After months of stoking anger about alleged election fraud, one of America’s largest talk-radio companies has decided on an abrupt change of direction.
Cumulus Media, which employs some of the most popular right-leaning talk-radio hosts in the United States, has told its on-air personalities to stop suggesting that the election was stolen from President Donald Trump – or else face termination.
A Cumulus executive issued the directive on Wednesday, just as Congress met to certify Joe Biden’s election victory and an angry mob of Trump supporters marched on the Capitol, overwhelmed police and briefly occupied the building, terrorizing lawmakers and leading to the deaths of five people.
“We need to help induce national calm NOW,” Brian Philips, executive vice president of content for Cumulus, wrote in an internal memo, which was first reported by Inside Music Media. Cumulus and its program syndication arm, Westwood One, “will not tolerate any suggestion that the election has not ended. The election has been resolved and there are no alternate acceptable ‘paths.’ “
The memo adds: “If you transgress this policy, you can expect to separate from the company immediately.”
A Cumulus representative did not respond to repeated requests for comment on Sunday.
The new policy is a stunning corporate clampdown on the kind of provocative and even inflammatory talk that has long driven the business model for Cumulus and other talk show broadcasters. And it came as Apple, Google and Amazon cut off essential business services to Parler, the pro-Trump social media network where users have promoted falsehoods about election fraud and praised the mob that assaulted the Capitol. Apple and Google removed the Parler app from the offerings for its smartphones, while Amazon suspended it from its Web-hosting services. (Amazon founder and chief executive Jeff Bezos owns The Washington Post.)
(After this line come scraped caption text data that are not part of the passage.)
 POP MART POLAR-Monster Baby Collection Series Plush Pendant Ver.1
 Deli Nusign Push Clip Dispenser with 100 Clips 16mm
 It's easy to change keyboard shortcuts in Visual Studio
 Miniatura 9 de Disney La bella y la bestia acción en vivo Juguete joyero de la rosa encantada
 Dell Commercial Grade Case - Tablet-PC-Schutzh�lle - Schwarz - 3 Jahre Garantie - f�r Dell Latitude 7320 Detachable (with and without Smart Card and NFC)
Atlanta-based Cumulus owns 416 radio stations in 84 regions across the country. Many of its stations broadcast a talk format, a medium that has been dominated by a conservative point of view for decades. In addition to its national personalities, it employs local talk-radio hosts in many of its markets.
Cumulus’s biggest stations include WMAL in Washington, KABC in Los Angeles, WLS in Chicago and KGO in San Francisco, all of which air a news-talk format.
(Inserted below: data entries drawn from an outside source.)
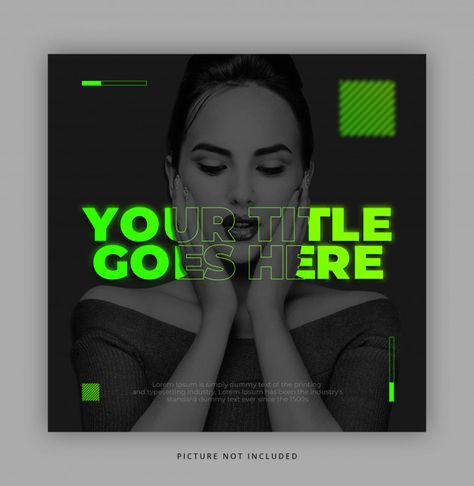 Neon glow in the dark instagram social media template with text effect | Premium Psd #Freepik #psd #banner #frame #sale #abstract Desain Merek, Catalogue Design, Desain Editorial, Sports Graphic Design, Social Media Design Inspiration, Graphic Design Layouts, Design Grafico, Neon Glow, Instagram Social Media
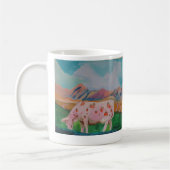 Aardbei Melkkoe door Stephen R. Koffiemok (Links)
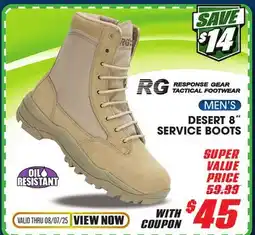 Big 5 Response Gear Desert 8 Men's Service Boots offer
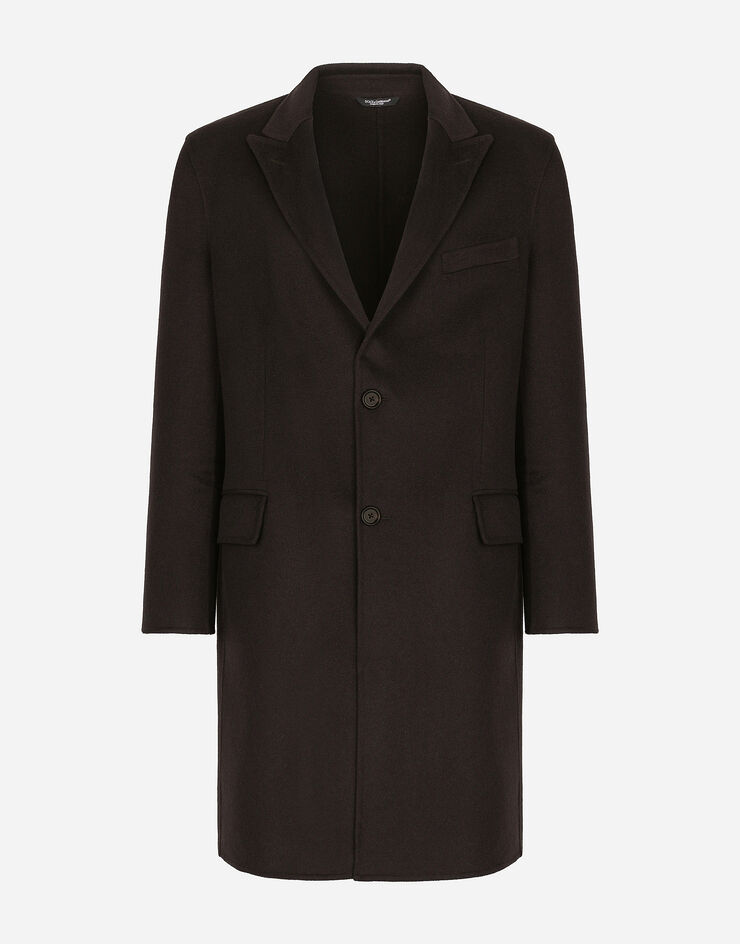 Dolce & Gabbana Double cashmere coat Brown G007WTFU2MA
The memo appears to reflect the reality that voters, presidential electors, courts and now Congress have accepted or certified that Biden won the election and is the president-elect. It may also be an attempt to cool down emotions that led to Wednesday’s invasion of the Capitol, and to mollify advertisers that are concerned about being associated with programs that could be inciting listeners to violence.
But it also reveals some of the hidden corporate hand behind what is said and discussed on talk-radio programs. Rather than a medium of freethinking individuals expressing passionately held beliefs, the memo reminds that hosts are subject to corporate mandates and control.